= Material for this task =
###
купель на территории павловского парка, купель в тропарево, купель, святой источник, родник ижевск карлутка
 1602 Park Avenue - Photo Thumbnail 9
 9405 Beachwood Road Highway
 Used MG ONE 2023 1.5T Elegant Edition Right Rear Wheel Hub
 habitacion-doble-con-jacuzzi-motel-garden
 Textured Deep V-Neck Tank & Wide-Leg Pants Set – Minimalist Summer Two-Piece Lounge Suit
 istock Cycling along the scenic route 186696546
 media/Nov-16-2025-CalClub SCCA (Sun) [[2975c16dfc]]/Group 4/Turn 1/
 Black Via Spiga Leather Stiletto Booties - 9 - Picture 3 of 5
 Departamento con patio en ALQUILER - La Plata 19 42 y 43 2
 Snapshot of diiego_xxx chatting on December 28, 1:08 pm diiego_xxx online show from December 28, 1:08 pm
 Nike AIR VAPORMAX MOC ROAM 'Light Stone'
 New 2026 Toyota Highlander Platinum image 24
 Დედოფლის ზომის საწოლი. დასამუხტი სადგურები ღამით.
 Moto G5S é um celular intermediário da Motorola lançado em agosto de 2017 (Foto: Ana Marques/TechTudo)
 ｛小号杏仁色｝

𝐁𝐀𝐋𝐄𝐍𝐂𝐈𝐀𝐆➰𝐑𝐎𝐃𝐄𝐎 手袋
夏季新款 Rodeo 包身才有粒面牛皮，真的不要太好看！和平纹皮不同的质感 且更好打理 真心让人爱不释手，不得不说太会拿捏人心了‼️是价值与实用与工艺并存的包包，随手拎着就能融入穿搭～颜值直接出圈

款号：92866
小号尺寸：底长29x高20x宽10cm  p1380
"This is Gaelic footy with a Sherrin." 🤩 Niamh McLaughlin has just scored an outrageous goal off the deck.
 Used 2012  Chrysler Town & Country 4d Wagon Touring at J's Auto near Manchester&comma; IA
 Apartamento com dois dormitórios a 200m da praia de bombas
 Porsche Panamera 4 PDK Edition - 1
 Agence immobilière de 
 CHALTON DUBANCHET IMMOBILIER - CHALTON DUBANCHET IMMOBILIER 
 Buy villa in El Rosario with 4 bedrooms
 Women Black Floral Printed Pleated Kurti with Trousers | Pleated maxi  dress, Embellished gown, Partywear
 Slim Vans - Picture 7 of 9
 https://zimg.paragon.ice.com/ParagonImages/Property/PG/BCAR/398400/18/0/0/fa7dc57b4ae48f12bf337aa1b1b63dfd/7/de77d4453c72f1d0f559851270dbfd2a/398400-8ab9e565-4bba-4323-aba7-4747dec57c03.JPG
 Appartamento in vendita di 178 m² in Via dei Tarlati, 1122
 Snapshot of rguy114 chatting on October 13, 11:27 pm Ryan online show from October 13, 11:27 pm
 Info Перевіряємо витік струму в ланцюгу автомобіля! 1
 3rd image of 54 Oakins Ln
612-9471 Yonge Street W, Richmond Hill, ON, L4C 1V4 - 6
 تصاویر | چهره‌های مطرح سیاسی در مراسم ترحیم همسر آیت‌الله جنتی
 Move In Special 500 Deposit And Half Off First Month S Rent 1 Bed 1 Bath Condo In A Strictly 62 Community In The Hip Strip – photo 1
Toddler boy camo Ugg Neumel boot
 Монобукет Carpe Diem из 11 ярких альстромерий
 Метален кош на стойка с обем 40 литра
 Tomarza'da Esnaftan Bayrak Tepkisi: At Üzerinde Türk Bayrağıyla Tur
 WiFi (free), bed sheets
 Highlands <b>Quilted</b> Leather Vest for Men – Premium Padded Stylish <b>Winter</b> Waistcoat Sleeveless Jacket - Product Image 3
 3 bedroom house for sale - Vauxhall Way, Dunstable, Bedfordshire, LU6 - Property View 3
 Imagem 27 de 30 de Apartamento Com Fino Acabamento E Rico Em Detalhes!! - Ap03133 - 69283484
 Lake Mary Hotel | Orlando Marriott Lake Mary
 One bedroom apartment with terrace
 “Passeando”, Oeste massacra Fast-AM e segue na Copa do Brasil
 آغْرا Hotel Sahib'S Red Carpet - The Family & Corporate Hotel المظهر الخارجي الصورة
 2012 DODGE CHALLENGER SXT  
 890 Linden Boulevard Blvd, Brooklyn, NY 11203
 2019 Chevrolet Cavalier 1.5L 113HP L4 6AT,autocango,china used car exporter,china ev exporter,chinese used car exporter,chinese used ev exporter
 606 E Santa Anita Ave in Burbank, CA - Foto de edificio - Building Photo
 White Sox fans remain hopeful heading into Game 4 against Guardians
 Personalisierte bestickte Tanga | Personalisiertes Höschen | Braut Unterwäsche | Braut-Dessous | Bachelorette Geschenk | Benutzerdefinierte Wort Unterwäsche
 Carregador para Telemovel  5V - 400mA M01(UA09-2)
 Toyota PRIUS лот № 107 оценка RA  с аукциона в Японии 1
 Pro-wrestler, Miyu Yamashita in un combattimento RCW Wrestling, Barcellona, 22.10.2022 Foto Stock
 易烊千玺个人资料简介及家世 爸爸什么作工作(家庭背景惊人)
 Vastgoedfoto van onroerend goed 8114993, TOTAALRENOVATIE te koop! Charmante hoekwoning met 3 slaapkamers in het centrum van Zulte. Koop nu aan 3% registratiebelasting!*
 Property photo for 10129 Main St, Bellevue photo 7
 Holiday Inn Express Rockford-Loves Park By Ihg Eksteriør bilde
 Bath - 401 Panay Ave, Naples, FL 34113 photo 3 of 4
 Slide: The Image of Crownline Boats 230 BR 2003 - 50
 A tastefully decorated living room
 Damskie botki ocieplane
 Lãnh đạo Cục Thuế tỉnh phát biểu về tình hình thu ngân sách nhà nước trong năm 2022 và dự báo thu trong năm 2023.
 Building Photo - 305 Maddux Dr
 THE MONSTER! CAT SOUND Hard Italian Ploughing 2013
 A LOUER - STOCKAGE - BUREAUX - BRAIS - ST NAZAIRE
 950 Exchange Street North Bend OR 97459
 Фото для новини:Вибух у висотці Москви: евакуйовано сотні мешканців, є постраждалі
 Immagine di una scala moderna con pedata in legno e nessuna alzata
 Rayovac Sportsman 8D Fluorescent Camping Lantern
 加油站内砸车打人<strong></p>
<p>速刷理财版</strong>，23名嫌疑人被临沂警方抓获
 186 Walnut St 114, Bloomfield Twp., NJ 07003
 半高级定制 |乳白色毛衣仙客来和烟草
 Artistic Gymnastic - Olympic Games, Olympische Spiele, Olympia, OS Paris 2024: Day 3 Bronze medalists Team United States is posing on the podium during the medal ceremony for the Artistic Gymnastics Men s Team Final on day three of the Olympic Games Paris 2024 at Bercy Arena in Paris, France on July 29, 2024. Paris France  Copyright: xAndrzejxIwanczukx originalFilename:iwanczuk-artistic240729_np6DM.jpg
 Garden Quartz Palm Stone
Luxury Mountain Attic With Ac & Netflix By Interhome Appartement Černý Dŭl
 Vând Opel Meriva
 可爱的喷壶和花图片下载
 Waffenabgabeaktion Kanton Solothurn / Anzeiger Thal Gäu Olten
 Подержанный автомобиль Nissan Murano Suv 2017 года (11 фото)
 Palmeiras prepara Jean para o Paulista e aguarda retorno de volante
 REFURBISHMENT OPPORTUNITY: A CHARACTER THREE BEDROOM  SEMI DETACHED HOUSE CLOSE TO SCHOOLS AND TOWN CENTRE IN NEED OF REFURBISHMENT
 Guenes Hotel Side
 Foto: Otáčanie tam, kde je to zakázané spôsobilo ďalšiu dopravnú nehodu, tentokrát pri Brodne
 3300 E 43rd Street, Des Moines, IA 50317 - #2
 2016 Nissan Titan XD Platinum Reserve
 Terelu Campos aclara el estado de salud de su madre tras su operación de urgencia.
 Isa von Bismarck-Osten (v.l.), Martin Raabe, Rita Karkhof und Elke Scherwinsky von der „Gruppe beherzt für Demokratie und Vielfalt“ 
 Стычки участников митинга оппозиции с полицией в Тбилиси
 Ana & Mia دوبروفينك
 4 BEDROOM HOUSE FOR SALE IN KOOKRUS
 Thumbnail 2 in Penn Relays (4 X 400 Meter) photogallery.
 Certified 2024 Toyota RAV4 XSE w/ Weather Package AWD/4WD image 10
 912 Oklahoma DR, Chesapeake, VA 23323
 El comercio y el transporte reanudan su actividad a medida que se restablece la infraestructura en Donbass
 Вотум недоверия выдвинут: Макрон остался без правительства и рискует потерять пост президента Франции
###
= Your assignment =
Starting with the first line of the data above, copy each line exactly until you reach the line with "Textured Deep V-Neck"; include that line as well.

= Problem solution =
купель на территории павловского парка, купель в тропарево, купель, святой источник, родник ижевск карлутка
 1602 Park Avenue - Photo Thumbnail 9
 9405 Beachwood Road Highway
 Used MG ONE 2023 1.5T Elegant Edition Right Rear Wheel Hub
 habitacion-doble-con-jacuzzi-motel-garden
 Textured Deep V-Neck Tank & Wide-Leg Pants Set – Minimalist Summer Two-Piece Lounge Suit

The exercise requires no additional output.